MATERIAL SUPPLIED

┄┄┄┄┄┄

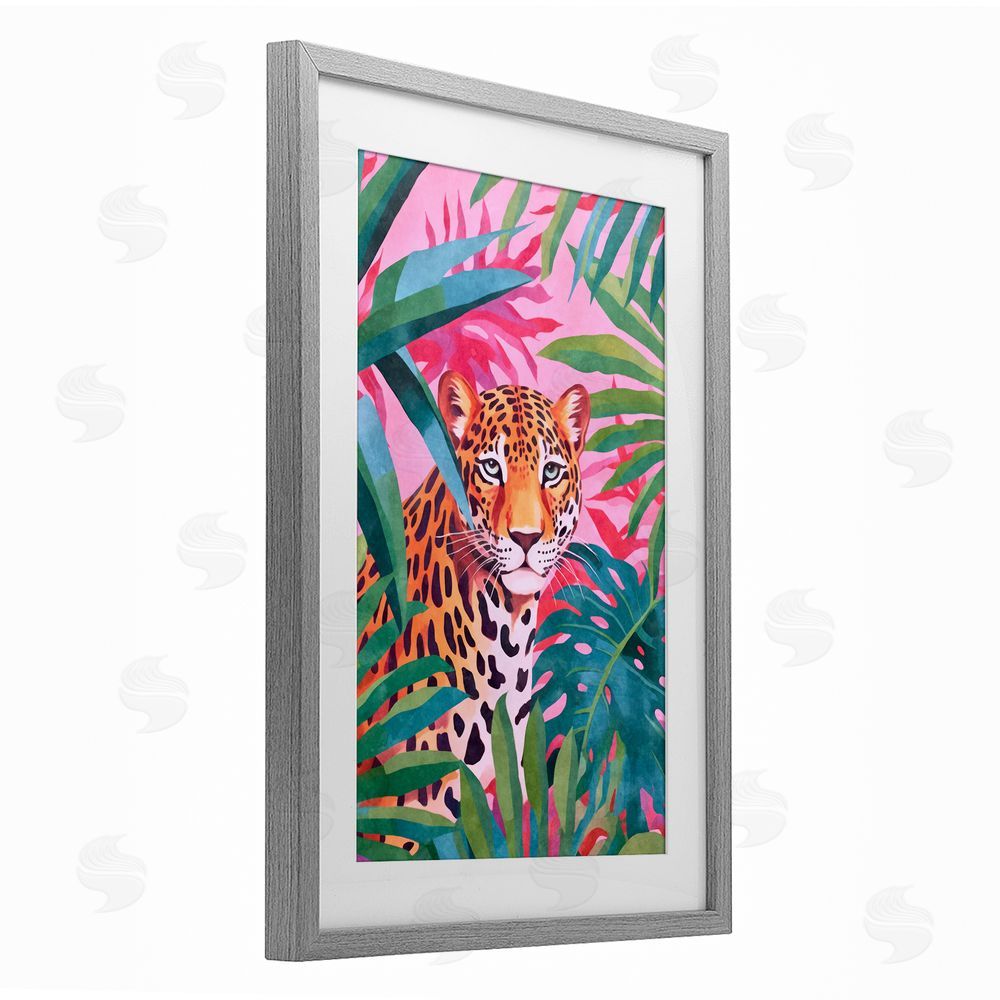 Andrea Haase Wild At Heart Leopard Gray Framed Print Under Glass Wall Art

┄┄┄┄┄┄

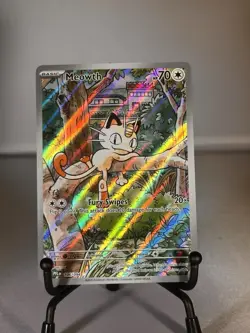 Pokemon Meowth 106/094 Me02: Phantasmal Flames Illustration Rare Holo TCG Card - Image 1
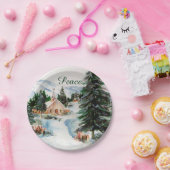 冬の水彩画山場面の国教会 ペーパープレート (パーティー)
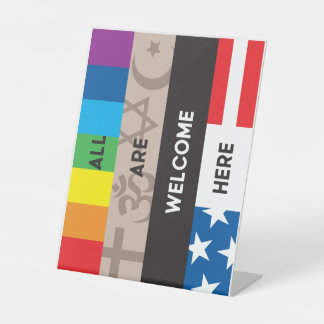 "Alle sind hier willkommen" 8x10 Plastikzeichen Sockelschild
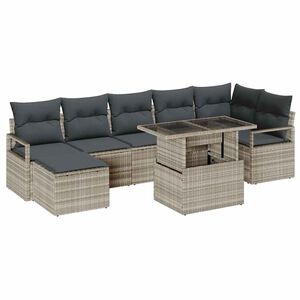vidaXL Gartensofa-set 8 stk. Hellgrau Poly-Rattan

┄┄┄┄┄┄

EXERCISE
Where a picture appears in the records above, omit it, and transcribe exactly the stretch of lines from the one with "冬の水彩画山場面の国教会 ペーパープレート (パーティー)" through the one with "vidaXL Gartensofa-set 8".

RESULT OF THE TASK
 冬の水彩画山場面の国教会 ペーパープレート (パーティー)
 "Alle sind hier willkommen" 8x10 Plastikzeichen Sockelschild
vidaXL Gartensofa-set 8 stk. Hellgrau Poly-Rattan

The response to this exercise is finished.